A Presidential Truth

History predisposes Americans to trust the man in the Oval.

The President is set to address Congress tonight, and I have no doubt that it will depart from the soaring oratory of President Obama. Trump is not an eloquent speaker, but he manages to pack a unique punch when given a microphone anchored to a podium.

The past 17 years of my political life could not prepare me for a Trump presidency. Presidents Bush and Obama were mostly honest men. They made mistakes, but there was no direct effort to permanently usurp the freedom of the press, fudge blatantly obvious facts, label journalists the “enemies of the public,” or attack the basic freedoms of minority citizens. This baseline of humanity and political decency gave me cause to believe what they said. That de facto presidential truth translates dangerously to Donald Trump.

Earlier today I read an account of tonight’s Presidential Address to Congress by Dana Milbank. He crafted a speech that was patently Trump, but completely false. As I read it I found myself halfway believing the words. Then I took a second and remembered it was completely false; it was the word President that made me gave it the benefit of the doubt.

So what does this mean for the rest of Trump’s term?

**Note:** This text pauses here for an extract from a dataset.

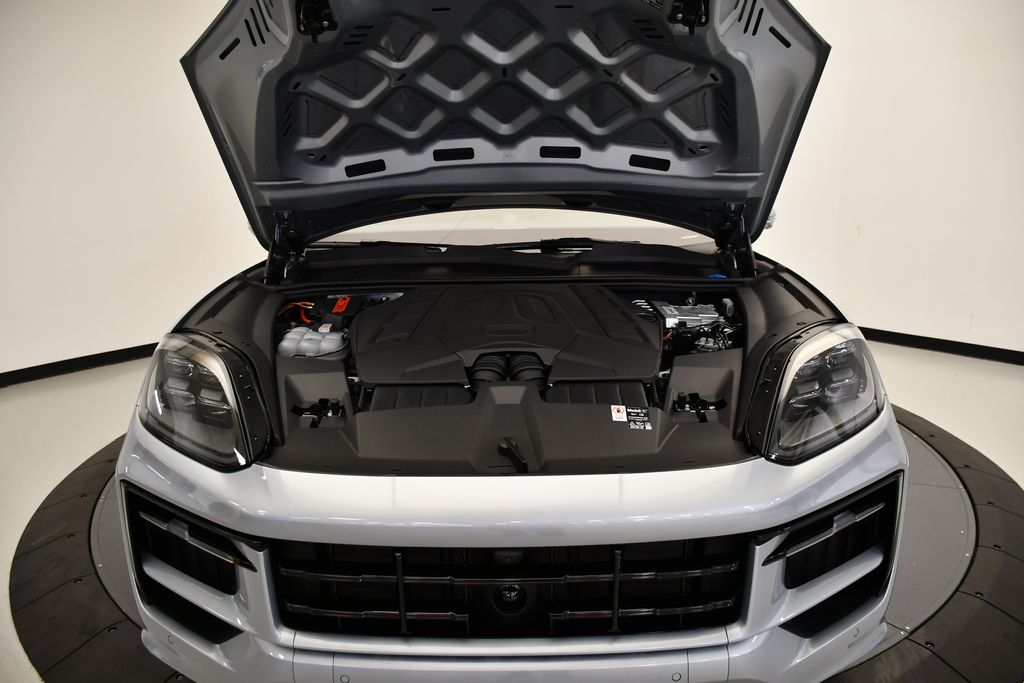 Thumbnail: 2026 Porsche  - 13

There has to be a new approach to Trumpism. Attacking it from the flanks is not working. This is a full out war over the identity of American political culture. Trump has to face his own words, his own ideas, and he has to be labeled with them. The same blueprint that the GOP used to stall President Obama is already being employed by the Democrats. Politics has to become local again. Winning the trust of voters is the only way to shine a light on Trump’s dishonesty. Trump cannot have his ideological cake and eat it too.

Who is going to protect us from these falsehoods?

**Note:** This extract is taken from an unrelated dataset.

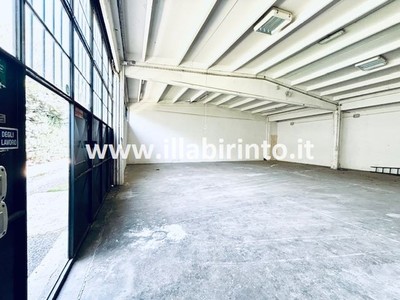 capannone Faenza (RA) 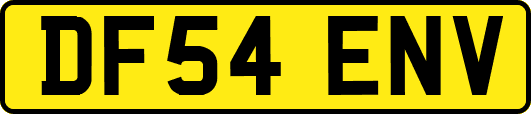 DF54ENV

The media needs to start serving its public obligations. The 24-hour news cycle feeds on the antics of this President. Trump has a history of being dishonest, so start covering him like it. Run his speeches with a delay. Factcheck on a sidebar, and source the hell out of it. Boycott unfair daily press briefings, and invest in investigative reporting instead.

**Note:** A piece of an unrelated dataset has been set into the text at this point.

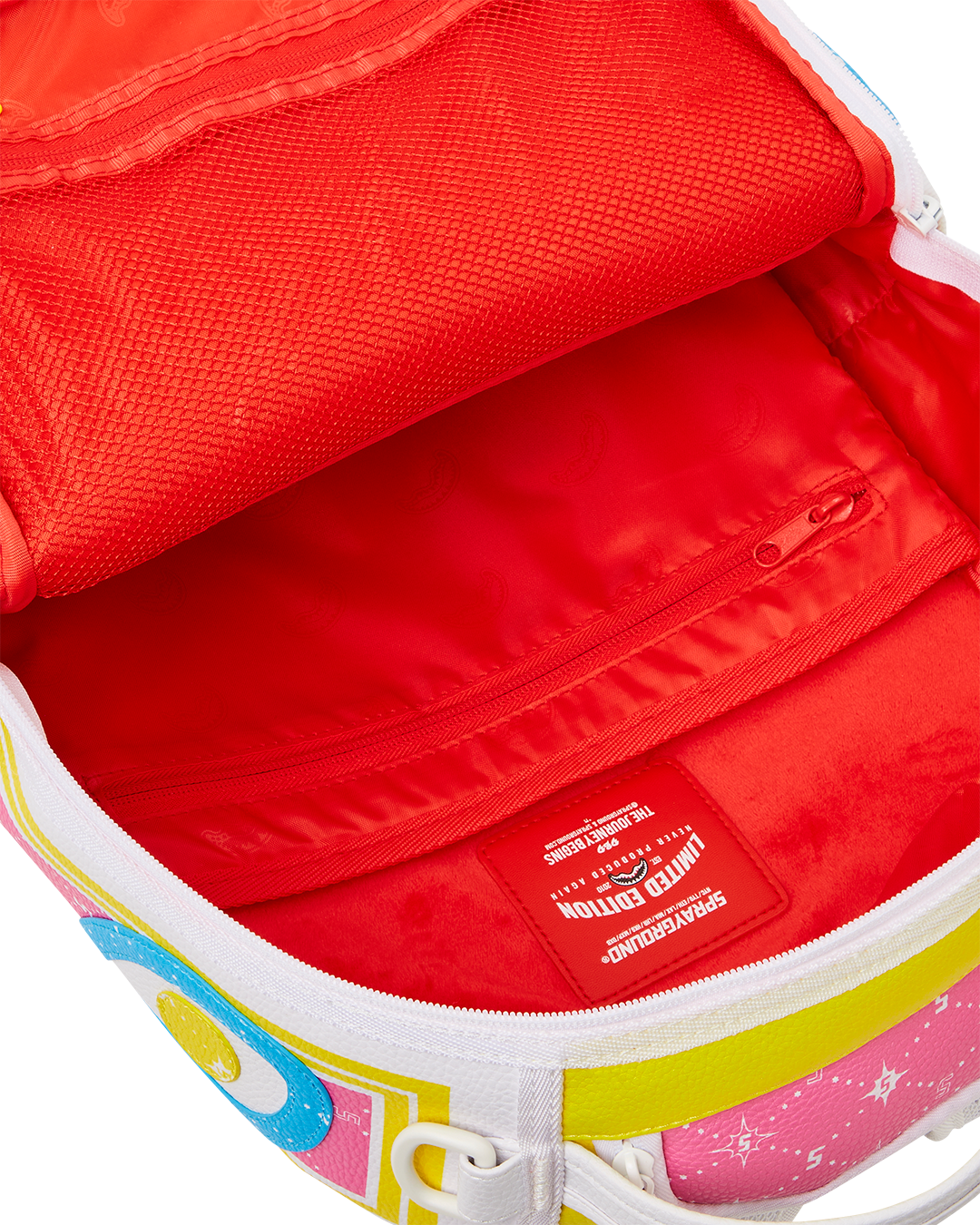 MODUS OPERANDI CHAMELEON BACKPACK (DLXV) - Image 15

The burden also falls on the people. There needs to be a wholesale rejection of hardline politics. Compromise starts at the kitchen table. We should talk to our neighbors. We should start digging in on every issue. We should start contacting our Senators and Congressmen and Congresswomen. The truth is not debatable. Together the citizens of this republic can force ourselves back on the rails.

What is our new national truth?

This is the toughest question that came to my mind after reading Milbank’s account of a fake Trump speech. The President has traditionally defined the outward and inward face of the United States. He has a “mandate” to interact with the international community in the way he wooed the American people. Trump’s campaign was devoid of nuance, and that is the approach that he brings to the Oval Office. The Yemen raid is a perfect example. Reports say that Trump left the Situation Room for the residence during his first major military operation to fire off a couple tweets. That same lack of nuance has been on display over his observation that health care is “complicated,” falsely announcing that new Boeing 787 Dreamliners will be completely American made (They are American assembled, but parts are sourced globally.), and bludgeoning bad press as “FAKE NEWS(!)”

Not everything will go a president’s way, but his mistakes do not become our truth. They will simply be contained in the pages of a history book once we have ridden out the horrors of hurricane Donald.